Ma siamo li in fila. Baldanzosa cerco il passo. Cadenzo salgo, barcollo, calano gli zuccheri (la pasta, sigh), banana, albicocca, biscotto. Saliamo. Barcollo, ci mancava il mal di terra. Mi pare di essere quasi su ma il cartello altimetrico dei 400m mi distrugge. Punto i piedi e dico no. Però poi su, la vetta è li diritta, non c’è nemmeno la curva. Dal cannetto alla roccia, poi lava spaccata, pirosseni da cercare (e Davide li trova). Io cerco di respirare. Cenere sotto i piedi, sabbione. Un passo avanti e scivoli indietro di due. Le gambe pesano, le guance sono infuocate. Poi si arriva in cima. Nuvola. Si fa buio. Ci si copre di cerate e polvere. Un borbottio, un tuono. Nessuna luce, nessun panorama. Nebbia che riflette la luce della frontale. Mangiamo salatini e frutta mentre l’umido si insinua. Odore di zolfo. Frontale in mano, caschetto, mascherina. Giù. -400 m in 20 minuti. Poi pietra e canneto. E’ tardi quando il paese bianco riaccoglie gli occhi fumosi e scarponi polverosi. Una stella cadente in anticipo è però in ritardo sul desiderio vulcanico. Pizza. A bordo si incrociano i racconti di chi anche dalla barca davanti alla Sciara di fuoco ha visto poco. Ma poco è più di niente. Evito di chiedere di vedere le foto. Mattina, mal di gambe, cappellini in testa. Compro come trofeo la maglietta con IDDU, poi mi consolo un po’ con una granita. La nuvola in cima è ancora la. Vorrei salire di corsa a insultarla. Ma resto sulla terrazza vista mare assaporando l’ennesimo cornetto alla ricotta. Aiuta l’umore, si insinua già la nostalgia da ultimo giorno.

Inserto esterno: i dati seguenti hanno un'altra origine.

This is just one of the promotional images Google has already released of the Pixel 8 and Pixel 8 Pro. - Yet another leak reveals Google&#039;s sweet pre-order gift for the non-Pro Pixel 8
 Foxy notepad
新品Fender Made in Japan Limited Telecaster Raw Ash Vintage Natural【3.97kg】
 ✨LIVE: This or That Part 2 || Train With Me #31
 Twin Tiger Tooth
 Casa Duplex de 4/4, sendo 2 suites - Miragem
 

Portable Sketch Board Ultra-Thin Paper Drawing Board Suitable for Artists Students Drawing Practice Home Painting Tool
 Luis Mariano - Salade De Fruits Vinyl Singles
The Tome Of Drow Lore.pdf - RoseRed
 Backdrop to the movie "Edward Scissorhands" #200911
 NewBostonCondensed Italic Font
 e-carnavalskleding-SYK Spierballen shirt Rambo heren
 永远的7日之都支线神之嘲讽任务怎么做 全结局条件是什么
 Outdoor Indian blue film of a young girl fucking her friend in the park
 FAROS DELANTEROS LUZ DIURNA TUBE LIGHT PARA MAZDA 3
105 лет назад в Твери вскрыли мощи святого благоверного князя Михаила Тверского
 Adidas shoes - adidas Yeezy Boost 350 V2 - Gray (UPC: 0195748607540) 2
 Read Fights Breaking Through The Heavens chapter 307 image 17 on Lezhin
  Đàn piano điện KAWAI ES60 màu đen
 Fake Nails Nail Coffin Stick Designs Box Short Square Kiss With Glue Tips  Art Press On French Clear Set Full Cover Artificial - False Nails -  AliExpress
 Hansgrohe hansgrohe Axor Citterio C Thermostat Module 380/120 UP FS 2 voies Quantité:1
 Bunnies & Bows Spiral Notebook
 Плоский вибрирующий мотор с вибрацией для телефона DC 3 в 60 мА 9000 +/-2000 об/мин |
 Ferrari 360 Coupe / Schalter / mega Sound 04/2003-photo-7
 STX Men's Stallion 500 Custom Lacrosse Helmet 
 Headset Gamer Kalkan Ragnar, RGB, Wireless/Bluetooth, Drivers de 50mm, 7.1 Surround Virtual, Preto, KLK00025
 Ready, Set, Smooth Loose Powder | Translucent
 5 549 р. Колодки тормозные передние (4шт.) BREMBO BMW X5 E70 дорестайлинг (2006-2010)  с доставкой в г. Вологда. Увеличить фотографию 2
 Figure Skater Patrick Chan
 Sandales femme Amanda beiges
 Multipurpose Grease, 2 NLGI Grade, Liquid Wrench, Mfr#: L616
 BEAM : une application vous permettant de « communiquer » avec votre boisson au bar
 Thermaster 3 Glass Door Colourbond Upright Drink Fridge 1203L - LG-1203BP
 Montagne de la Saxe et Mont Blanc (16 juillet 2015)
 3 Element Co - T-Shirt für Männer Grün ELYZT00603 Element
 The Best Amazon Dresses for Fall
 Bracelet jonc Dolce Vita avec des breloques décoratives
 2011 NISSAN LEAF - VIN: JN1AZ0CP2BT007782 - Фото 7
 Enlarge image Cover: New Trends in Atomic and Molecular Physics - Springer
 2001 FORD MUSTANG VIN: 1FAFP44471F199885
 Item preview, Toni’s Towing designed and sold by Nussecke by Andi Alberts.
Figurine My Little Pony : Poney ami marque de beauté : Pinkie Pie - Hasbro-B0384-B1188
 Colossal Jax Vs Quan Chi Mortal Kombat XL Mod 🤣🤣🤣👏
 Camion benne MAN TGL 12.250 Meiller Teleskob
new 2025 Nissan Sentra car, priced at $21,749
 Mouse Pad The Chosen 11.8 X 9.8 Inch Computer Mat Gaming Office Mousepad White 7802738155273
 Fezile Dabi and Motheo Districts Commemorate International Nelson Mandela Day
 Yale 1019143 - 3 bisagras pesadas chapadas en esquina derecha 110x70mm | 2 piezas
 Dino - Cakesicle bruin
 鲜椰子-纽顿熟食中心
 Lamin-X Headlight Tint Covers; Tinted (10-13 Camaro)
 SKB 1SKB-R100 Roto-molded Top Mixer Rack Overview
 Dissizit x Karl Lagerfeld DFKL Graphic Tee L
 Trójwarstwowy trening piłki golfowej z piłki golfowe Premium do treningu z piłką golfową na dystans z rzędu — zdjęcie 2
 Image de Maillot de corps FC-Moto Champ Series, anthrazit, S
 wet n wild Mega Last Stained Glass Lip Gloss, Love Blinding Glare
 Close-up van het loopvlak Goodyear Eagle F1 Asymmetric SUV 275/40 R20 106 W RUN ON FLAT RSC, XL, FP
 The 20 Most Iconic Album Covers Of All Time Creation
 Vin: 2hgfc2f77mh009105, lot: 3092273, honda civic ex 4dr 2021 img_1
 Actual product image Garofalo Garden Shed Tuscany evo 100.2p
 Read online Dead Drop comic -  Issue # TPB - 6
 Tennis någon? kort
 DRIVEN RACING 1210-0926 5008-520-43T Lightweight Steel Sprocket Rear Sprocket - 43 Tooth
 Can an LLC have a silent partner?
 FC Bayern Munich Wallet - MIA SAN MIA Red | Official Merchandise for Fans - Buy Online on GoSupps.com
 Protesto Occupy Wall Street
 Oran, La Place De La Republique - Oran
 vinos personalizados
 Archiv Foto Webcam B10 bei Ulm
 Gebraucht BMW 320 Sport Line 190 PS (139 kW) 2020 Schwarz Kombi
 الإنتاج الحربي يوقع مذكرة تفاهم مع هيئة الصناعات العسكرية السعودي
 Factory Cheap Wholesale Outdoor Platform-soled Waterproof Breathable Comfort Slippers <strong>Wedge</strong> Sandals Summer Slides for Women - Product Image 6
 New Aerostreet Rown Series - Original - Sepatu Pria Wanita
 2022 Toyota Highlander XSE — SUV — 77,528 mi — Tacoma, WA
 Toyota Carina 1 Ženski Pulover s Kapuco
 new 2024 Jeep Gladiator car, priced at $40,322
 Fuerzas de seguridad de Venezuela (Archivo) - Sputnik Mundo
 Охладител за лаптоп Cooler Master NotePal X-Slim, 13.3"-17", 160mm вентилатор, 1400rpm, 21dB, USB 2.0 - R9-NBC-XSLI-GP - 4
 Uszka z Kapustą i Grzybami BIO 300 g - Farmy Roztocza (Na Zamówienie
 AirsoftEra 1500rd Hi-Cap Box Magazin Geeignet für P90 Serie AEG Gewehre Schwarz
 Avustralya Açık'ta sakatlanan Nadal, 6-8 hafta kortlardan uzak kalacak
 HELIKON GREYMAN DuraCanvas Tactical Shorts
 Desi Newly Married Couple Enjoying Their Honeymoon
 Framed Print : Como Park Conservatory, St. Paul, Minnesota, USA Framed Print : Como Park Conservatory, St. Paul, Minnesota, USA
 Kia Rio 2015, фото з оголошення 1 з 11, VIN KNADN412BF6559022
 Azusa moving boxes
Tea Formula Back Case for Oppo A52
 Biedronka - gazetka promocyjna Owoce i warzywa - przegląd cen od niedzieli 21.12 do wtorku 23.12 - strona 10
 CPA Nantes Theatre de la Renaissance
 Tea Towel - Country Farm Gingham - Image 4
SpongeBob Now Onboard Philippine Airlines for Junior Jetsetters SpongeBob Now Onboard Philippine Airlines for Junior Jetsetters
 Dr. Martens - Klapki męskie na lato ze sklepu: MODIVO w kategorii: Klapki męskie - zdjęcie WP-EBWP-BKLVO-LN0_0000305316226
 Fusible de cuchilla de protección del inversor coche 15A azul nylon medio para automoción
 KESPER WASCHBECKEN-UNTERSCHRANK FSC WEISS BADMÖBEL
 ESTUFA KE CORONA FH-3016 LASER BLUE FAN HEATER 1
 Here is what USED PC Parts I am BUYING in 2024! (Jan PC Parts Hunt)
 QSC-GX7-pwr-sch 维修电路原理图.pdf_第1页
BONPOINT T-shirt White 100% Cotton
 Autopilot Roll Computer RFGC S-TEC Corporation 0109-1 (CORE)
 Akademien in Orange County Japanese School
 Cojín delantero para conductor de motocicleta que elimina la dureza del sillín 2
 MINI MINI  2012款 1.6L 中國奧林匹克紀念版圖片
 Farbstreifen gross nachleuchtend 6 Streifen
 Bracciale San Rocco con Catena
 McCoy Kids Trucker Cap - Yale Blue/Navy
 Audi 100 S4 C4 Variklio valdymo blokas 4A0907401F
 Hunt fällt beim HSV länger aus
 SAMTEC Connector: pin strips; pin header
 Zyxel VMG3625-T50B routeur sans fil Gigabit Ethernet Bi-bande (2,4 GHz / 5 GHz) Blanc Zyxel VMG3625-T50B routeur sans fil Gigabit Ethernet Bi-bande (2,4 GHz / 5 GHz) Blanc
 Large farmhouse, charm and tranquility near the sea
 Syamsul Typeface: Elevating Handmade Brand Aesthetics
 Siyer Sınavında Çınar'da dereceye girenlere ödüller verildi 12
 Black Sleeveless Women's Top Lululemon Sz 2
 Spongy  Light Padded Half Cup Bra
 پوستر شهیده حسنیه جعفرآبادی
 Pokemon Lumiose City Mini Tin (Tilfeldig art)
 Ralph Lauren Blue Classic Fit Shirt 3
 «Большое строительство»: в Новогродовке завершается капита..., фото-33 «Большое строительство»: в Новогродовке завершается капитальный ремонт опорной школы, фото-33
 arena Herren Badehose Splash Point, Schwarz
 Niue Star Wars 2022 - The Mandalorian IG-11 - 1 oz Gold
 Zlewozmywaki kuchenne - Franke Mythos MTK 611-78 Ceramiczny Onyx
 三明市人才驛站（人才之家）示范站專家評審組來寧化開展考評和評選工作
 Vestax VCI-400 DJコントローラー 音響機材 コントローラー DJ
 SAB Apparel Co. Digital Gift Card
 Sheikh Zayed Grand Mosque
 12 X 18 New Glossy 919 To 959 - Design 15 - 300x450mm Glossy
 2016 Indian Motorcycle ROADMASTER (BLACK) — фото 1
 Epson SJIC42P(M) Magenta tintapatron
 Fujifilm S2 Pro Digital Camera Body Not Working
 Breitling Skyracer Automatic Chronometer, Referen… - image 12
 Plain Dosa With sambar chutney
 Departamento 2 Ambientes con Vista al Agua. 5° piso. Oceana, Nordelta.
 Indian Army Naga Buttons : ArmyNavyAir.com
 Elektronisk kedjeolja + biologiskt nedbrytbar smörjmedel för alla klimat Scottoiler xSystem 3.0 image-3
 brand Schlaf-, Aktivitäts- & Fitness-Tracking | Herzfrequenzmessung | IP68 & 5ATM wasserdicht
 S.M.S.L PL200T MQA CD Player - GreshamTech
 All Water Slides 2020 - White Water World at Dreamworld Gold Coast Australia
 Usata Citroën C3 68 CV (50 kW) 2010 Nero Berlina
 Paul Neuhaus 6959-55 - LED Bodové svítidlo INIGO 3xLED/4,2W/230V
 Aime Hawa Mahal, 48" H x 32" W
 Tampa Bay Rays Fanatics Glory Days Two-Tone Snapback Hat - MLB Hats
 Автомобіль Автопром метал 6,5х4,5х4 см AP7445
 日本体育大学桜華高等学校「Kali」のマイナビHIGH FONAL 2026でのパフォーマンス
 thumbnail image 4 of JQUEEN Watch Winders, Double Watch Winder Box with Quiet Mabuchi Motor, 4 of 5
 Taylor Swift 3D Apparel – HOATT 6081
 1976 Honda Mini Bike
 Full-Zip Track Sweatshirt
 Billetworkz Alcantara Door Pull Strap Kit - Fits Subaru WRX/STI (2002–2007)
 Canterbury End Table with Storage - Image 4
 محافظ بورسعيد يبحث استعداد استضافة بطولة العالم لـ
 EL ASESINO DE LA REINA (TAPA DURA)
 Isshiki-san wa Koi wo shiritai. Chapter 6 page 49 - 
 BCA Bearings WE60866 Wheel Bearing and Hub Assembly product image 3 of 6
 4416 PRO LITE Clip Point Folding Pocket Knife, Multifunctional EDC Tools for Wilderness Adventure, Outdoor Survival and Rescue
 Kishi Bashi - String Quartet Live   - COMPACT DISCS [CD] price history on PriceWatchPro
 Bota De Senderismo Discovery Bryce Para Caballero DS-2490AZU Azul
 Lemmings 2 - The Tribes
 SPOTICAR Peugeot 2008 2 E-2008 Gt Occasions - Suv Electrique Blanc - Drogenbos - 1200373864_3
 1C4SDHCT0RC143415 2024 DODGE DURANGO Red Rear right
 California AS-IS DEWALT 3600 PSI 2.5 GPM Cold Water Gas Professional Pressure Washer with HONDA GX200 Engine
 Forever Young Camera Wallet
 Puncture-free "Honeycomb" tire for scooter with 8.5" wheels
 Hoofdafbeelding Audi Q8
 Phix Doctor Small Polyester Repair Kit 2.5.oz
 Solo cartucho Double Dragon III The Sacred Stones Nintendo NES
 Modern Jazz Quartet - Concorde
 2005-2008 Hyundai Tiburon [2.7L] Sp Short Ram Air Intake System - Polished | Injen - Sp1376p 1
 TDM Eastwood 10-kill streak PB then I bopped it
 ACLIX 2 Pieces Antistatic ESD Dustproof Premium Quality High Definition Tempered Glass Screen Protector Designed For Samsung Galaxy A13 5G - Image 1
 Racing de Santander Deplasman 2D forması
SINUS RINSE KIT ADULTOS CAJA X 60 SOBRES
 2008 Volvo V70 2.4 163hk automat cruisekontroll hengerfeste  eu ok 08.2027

Lipari ci aspetta. Passiamo a pomice, un bagno. Le meduse si lasciano portare e le evitiamo. Il vento anomalo delle eolie contraria il rientro e vorrei farmi portare in direzione opposta. Nell’ora che volge al desio e che ai naviganti intenerisce il cuore siamo al molo. Ultimi acquisti. Una cavigliera, capperi, un quadretto con vulcano. Cena. Granita e bombolone alla ricotta (spettacolare). Ne prendiamo un paio per la colazione di partenza dell’indomani. Si dorme, caldo che il vento non riesce ad entrare in cabina. E’ presto quando mordo la ricotta e cerco di stamparmi il sapore nel cuore. Guardo il cielo sempre più azzurro. Come le nostre magliette. Saluti e borsoni. Aliscafo. Autobus raggiunti dal socio. Nella cappelliera un cappello bianco, uno beige, uno nero. Noi dormiamo. Aeroporto. Ultimo arancino. Ultimo cannolo. Si torna e barcollo.